本の紹介
2020年初春、大学卒業をまじかに控えていた私は漠然とした不安を抱えていた。
大学を出たら、自分はどんな道を歩むことになるのだろうか。
今までは教育という決められたレールの上を歩いてきた。そして遂にターミナル駅に着こうとしているが、少し遠くから眺めるとそこは田舎の無人駅のようで、出迎えてくれる人は誰もいない。
レールはその駅を境に途切れ、遥か彼方まで途方もないステップの地平線が続いている。
そんな光景を見た時、人はだれしも不安になるだろう。
私にとって、社会人の門出というのはそんな感じだった。
何か指針が欲しい。
そんな時、おもむろに入った本屋でこの本を見つけた。
『2030年の世界地図帳』
著、落合陽一
刊行、2019年
今から3年前に書かれた本で、その執筆段階ではコロナを経験していない。
正真正銘、コロナ前の本だ。
それを受けて、コロナ前のものは古いという意見もあるだろうが、この本のテーマは、「未来を俯瞰すること」だ。
今の私たちは、コロナというバイアスに支配されている。

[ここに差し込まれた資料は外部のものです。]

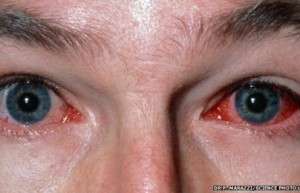 Khóc ra máu vì kính áp tròng kẹt trong mắt suốt 2 năm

何事もコロナ抜きでは考えられなくなっているわけだ。
それはそれで、不都合だと言える。
コロナ禍もいつか終わる。
しかし、ダウ平均株価が最高値を更新して投資が話題になったが、そのあと下落局面が続いて米国株オワコンと叫ばれている今のように、人は流行に影響される生き物だ。
それは時として誤った判断を下してしまうことにもなってしまう。
つまり、冷静に未来を歩む指針は、今も必要ということだ。
そして、この未来のもう一つのテーマは「2030年」だ。
団塊の世代の高齢化や環境問題などなど、日本や世界に圧し掛かる問題は山積している。
その影響は既に顕れており、被害を最小限に抑えるべく行動しなければならないリミットが2030年ということだと私は考えている。
3年前とはいえ、この本が扱っている話はまだ先のことだ。
2019年当時、著者の落合さんが何を考えていたか。
落合さんと言えば、目のクマがはっきり表れるほど活動的で元気を使い切っている人で、かなりの切れ者だと認識しているが、その落合さんの当時の考え方は、指針の一つになるのだろうか。
それを見極めるには、まずこの本の内容を見て考えることが必要だ。
自分なりにアウトプットしたうえで、改めてこの本を紹介したいと思う。